Available data section start

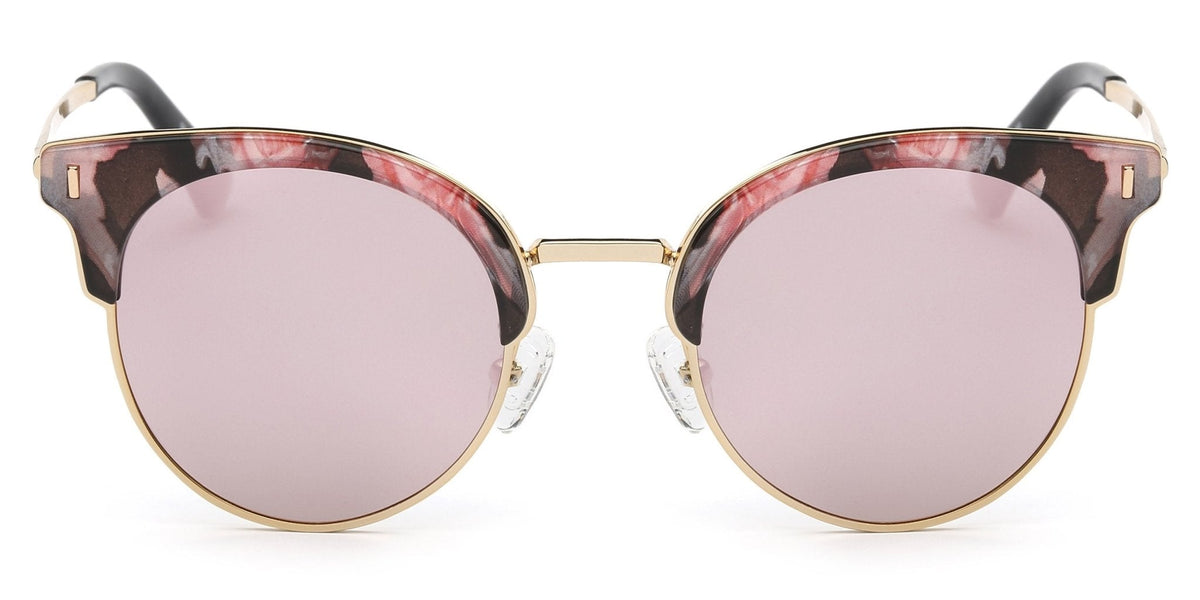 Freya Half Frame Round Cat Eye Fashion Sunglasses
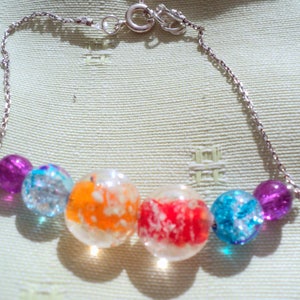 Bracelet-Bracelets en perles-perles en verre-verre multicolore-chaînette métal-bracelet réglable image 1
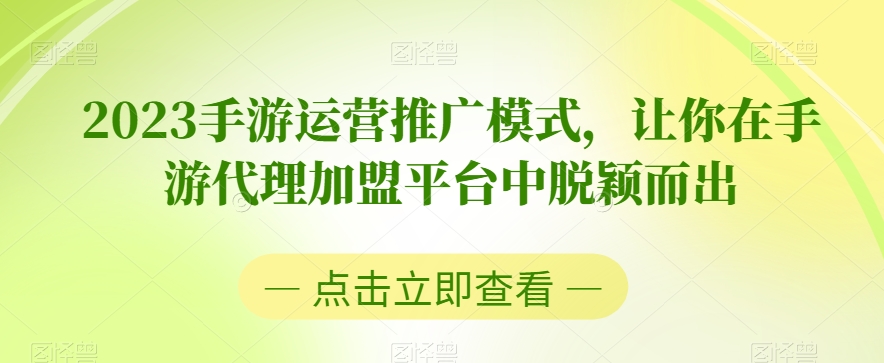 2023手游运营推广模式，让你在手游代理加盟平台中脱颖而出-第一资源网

Available data section end
Available data section start

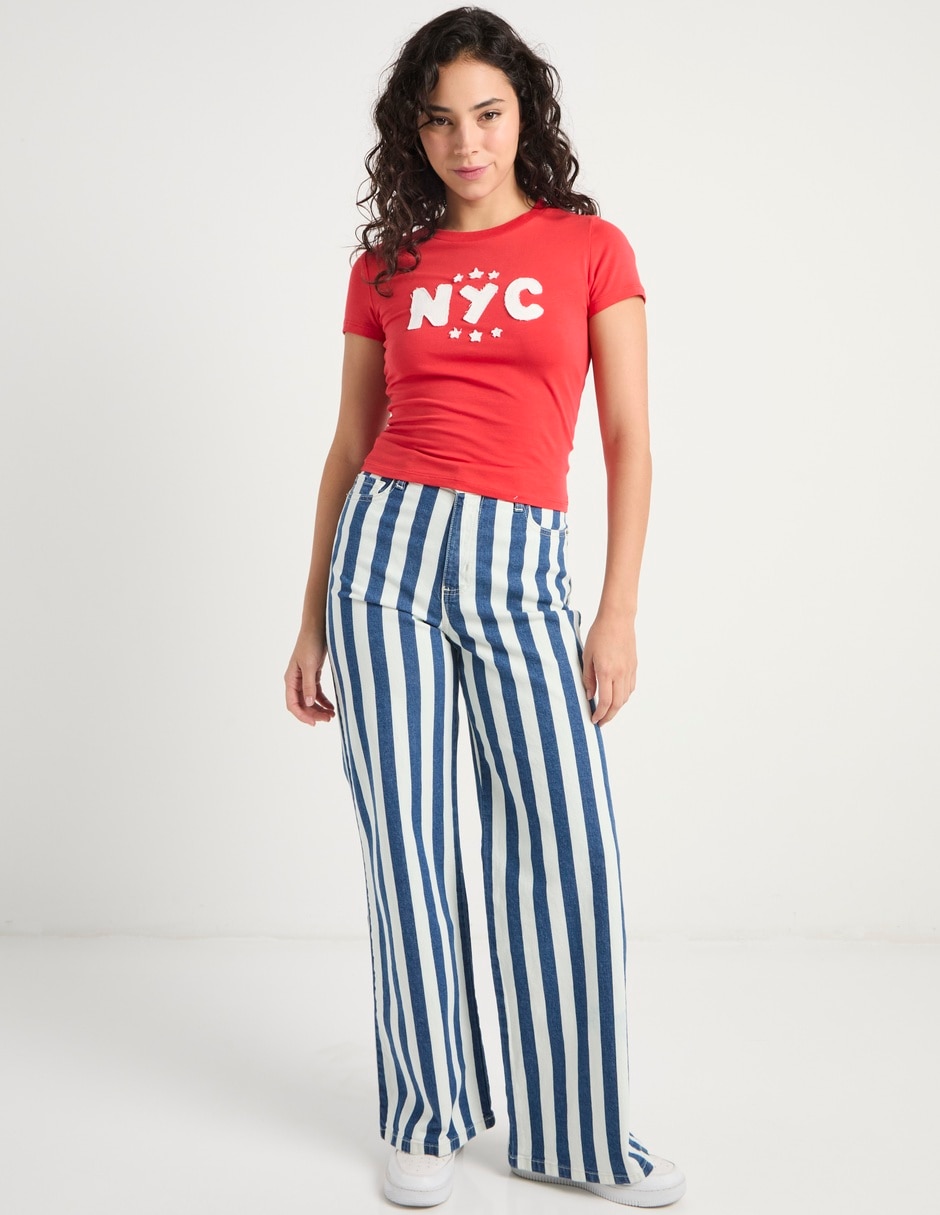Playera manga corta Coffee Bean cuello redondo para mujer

Available data section end
Available data section start

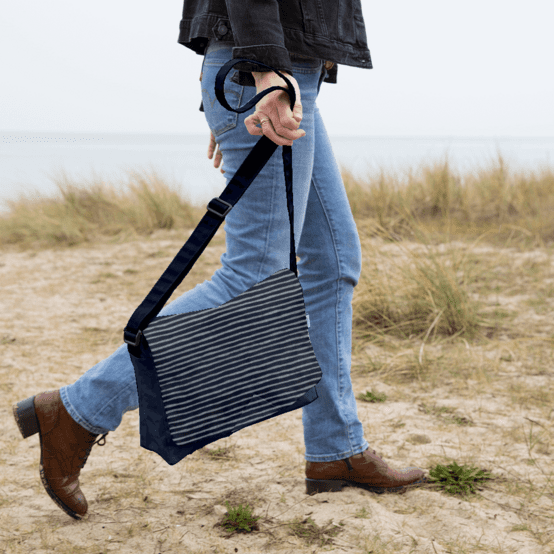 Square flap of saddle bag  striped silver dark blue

Available data section end

[Task details]:
In the entries above, find the line that contains "Bracelet-Bracelets en perles-perles" and the line that contains "2023手游运营推广模式，让你在手游代理加盟平台中脱颖而出-第一资源网". Reproduce exactly those two lines and every line between them, but not the pictures.

[Output]:
 Bracelet-Bracelets en perles-perles en verre-verre multicolore-chaînette métal-bracelet réglable image 1
 2023手游运营推广模式，让你在手游代理加盟平台中脱颖而出-第一资源网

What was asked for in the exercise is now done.